Real Madrid ismi benim için hep sihirli bir isim olmuştur. Zaten görmüş geçirmiş herhangi bir futbol fanatiğine bütün zamanların en büyük takımı kimdir diye sorarsanız alacağınız cevap tekdir: Real Madrid. Real Madrid ile unutamadığım bir ani, 8 Kasim 1958 gününde gerçekleşmiştir. O zamanlar bizim milli takımın 3-1 lik Macaristan zaferi, ve 2-1 Almanya galebesi dışında , Türk takımlarının dışarıda hiç bir başarısı yoktu.O günlerde, Milli Lig yada Super Lig’de olmadığından, Federasyon kupası şampiyonu Besiktas, Türkiye'yi Avrupa Kulüpler turnuvası nda temsil hakkini elde etmiştir. Madrid'deki ilk maçta , kedi kaleci Varol Ürkmez sahne oyununa ragmen Beşiktaş oyunu 2-0 kaybetti. O zamanlar takımlarımızın taktiği “ Çanakkale Geçilmez” diye özetlenebilirdi.
İkinci mac, sağnak yağmur altında ve bir balçık tarlasını andıran Mithat Paşa * stadında oynandı. O kasım 1958 günü, Del Bosque sekiz, bense on bir yaşında idim. Real Madrid bugün olduğu gibi Avrupa'nın en büyük yıldızlarını kadrosunda toplamıştı. Kalede Alonso, orta hafta Santamaria, forvette Fransızların gol kralı Kopa, soliçte unlu Macar Puskas, solaçıkta Gento. Yani, o zamanların “ Rüya Takımı”. Beşiktaş kalede Varol, beklerde Kamil, Metin, haftalarda Faik, Özcan , B. Ahmet, forvette Sofyanidis, Gurcan, K. Ahmet, Baba Recep ,ve Kaya. Beşiktaş'ın antrenörü İtalyan Remondini. İlk yari Besiktaş'ın hakimiyeti ile geçiyor fakat gol Real Madridli Santiesteban’ dan geliyor. İkinci yarı, Beşiktaş tek kale oynuyor, akın üzerine akin. Sonra, radyodan dinledigim ve bugüne kadar kulaklarımdan çıkmayan Sulhi Garan In sesi; GOOOOOOOOOOOOOOOOOOOOOOOOOOOOOOOOOOOOOL. KAYA.GOOOOOOOOOOOOOOOOOOOOOOOOOL.KAYA. Dakika 64.Besiktas bu golden sonrada devamli yukleniyor, fakat beklenen ikinci gol bir türlü gelmiyor. Sonuç : Besiktas 1- Real Madrid 1. O zamanlar bu büyük bir başarıdır. Futbolcular mac hasılatı olan 400 bin liradan 1500 er bin lira prim alıyorlar.

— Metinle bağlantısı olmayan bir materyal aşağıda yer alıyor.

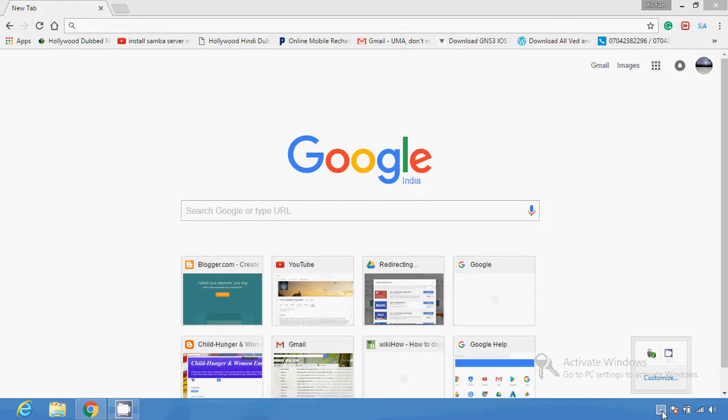Hello friends, in this video I'm going to show you how you can use Google Earth very easily. If you want to use Google Earth, you can follow these steps. This guide on how to use basic Google Earth features could be a great help to you.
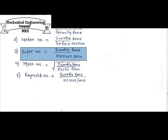Third is the Euler number. Euler number is the ratio of inertia force to pressure force. We know that inertia force is fixed. The relation between Euler number and its denominator is that Euler's equation is basically associated with pressure. That equation comes with respect to pressure, so Euler is related with pressure force. Euler number is the ratio of inertia force to pressure force.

İşte benim çocukluğumda bir efsane gibi hatırladığım Real Madrid’in o gün benim gibi küçük bir çocuk olan şimdiki unutulmaz hocası Vicente Del Bosque simdi Beşiktaş'ı çalıştıracak. Del Bosque Beşiktaş seyircisinin “ İmparator” demeyeceği bir gerçek. Belki ona İspanya’ da olduğu gibi “ Maestro” diyecekler. Belki de bunu tercüme edip, Besiktaş'ın geleneğinde ki Baba Hüsnüler, Baba Hakkılar ve Baba Recepler gibi kendisine “ Baba Bosque “ diyecekler. Tabii bunu diyebilmek için Del Bosque'un Besiktaş'ın bu unutulmaz yıldızları gibi seyirciye once şampiyonluğu tattırması şart. Bir tarafta, Hagi’nin yönetiminde 100. yılını kutlayacak Galatasaray, diğer tarafta Daum’un yönetiminde Alexl'i Fenerbahçe. İspanyol hocanın işi oldukça zor. Ama ben, Real Madrid isminin sihrine her zamandan fazla inanıyorum.